Static Information required to interpret the streaming information

  • Type: Bus stops, lines, coordinates.
  • Origin: EMT Madrid
  • Dimension:
    • Data needed does not exceed tens of MB
  • Quality: Good
  • Management /access
    • Technology in use: Web services, XML
    • Available Ontologies and Vocabularies: SSN ontology (any transport ontology available?)

Queries

  • Select all bus lines and the waiting time for each one, for a given bus stop, in the last minute.
  • Select all bus stops where there is a waiting time less than 5 minutes, in a bounding box area.
  • Select all waiting times greater than 10 min, and line nr, for those lines with a scheduled frequency of 7 min, every two minutes.
  • Select the average waiting time to go from bus stop A to bus stop B in the last day every half an hour.

OpenGov: Public Spending / Stock Ticker Data

This usecase combines data streams from multiple sources.

The goal is to highlight (publicly traded) companies, that double their stock price within a certain time frame and are/were awarded a government contract in the same time-frame.

Streaming Information

  • Type: Data on public spending in the US and stock ticker data
  • Nature:
    • Relational Stream: yes
    • Text stream: no
  • Frequency of update:
    • Stock Data (daily values in 2001):
      • original csv format: 1.961.295 lines (492mb unzipped)
      • triples: 73.181.951 t/year
      • triples/day: 200k t/day
    • Public Contracts (in 2001):
      • original csv format: 641.640 contracts (800mb csv unzipped)
      • triples: 109.996.479 t/year
      • triples/day: 300k t/day
  • Quality: Good
  • Management /access
    • Technology in use: Data read from disk in time annotated n-triple format
    • Problems: As we process the data on a distributed system, streaming triples is suboptimal as it does not allow efficient routing.
    • Means of improvement: Combining data in subgraphs would allow content-based routing of data for better workload scheduling.

Static Information required to interpret the streaming information

  • Type: Static information about stock tickers such as company names or industry codes
  • Management /access
    • Currently this data is replicated in each stock quote. This is inefficient and could be stored in a static data store (or possibly also in memory).

Queries

  • Select all companies that have doubled their stock price in the last week (this one only uses streaming data from one source)
    • Doable in all RDF Stream processors
  • Select all companies that have doubled their stock price in the last week and have also had a Government contract in the same week (this ones requires a combination of two streaming data sources)
    • This should be done with two CONSTRUCT queries registered, which fire these events, and require another query that selects from both sources. This is doable, for instance, in CQELS. Not sure about other RDF Stream processors.
  • Select all companies that double their stock price in one week after they get a contract (this one requires a combination of two streaming data sources, and maybe some relationship between events)
    • Difficulty on establishing what "after" means here. A CEP-oriented stream processor seems to be the most suitable.

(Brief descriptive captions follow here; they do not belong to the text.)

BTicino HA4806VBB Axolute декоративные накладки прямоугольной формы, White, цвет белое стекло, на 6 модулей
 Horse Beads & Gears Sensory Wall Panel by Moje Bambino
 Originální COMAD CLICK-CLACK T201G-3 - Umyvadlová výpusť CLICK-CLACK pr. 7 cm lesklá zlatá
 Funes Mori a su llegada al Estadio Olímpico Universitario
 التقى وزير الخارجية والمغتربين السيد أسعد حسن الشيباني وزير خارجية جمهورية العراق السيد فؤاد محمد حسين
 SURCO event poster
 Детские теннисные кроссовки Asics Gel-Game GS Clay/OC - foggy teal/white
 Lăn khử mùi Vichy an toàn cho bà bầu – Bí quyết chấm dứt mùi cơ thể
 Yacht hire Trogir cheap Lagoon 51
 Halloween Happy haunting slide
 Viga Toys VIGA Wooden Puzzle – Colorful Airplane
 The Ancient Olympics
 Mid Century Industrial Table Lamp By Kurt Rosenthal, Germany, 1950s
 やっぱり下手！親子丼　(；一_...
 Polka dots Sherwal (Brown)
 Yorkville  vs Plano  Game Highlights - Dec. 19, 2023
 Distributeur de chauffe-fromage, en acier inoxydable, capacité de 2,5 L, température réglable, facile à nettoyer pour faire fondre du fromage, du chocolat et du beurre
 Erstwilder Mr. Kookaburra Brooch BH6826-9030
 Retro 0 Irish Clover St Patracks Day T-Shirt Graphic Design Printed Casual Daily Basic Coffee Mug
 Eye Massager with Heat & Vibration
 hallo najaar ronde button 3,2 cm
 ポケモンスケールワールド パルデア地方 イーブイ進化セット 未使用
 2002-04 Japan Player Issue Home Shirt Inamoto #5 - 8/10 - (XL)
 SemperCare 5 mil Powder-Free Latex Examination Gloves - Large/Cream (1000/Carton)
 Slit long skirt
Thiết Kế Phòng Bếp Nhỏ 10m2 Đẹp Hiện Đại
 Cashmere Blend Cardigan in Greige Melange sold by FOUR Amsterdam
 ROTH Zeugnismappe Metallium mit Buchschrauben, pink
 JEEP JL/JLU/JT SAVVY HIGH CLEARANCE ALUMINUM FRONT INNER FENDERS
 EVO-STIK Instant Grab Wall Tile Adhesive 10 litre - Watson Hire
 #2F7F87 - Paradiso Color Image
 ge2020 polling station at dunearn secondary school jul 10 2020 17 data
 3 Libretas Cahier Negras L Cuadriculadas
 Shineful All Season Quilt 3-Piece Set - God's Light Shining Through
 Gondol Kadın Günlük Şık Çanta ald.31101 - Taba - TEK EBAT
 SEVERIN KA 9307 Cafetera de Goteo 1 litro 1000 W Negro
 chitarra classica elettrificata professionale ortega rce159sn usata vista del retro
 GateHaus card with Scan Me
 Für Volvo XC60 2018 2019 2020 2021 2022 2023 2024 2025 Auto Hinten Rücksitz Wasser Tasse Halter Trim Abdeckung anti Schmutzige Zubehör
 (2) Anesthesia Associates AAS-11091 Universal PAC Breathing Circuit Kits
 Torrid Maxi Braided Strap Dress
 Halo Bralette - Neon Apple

Urban Transport Assistance

The use case targets to provide assistance to people moving in urban environments by providing information on problems and opportunities based on real-time information and derived forecasts.

Streaming Information

  • Types:
    • Location events (lat, long) of personal sensors, public transportation, taxis, private cars
    • Recognized activities (in vehicle / on bicycle / on foot)
    • Geofence events (entry, exit)
    • Car OBD events (door sensors, safety belts, engine start / stop etc.)
    • Road segment velocities
    • Traffic exception info (accidents, cancelled or delayed public transportation, road construction etc.)
    • Weather information (temperature, rain/snow)
  • Nature:
    • Multiple event streams, some with multiple types of events
    • Personal information needs to be handled securely
    • Text stream: no
  • Data origin: Produced by sensors in mobile phones, cars, public transportation companies, traffic infrastructure management and weather services.
  • Frequency of update:
    • from sub-second to hours, depending on the stream
    • In events/minute: 10000-0.01 events/min
  • Quality: Variable
  • Management /access
    • Technology in use: Mobile phone sensors, sensor libraries (e.g. Google play APK), car connectivity, transport infra web services,weather services.
    • Requirements: Event format has to be flexible enough to support multiple different event types within a stream, each event type containing different parameters. Even if the transport is split into multiple streams, the event processing system needs to be able to manage all types. Both public and private streams are needed.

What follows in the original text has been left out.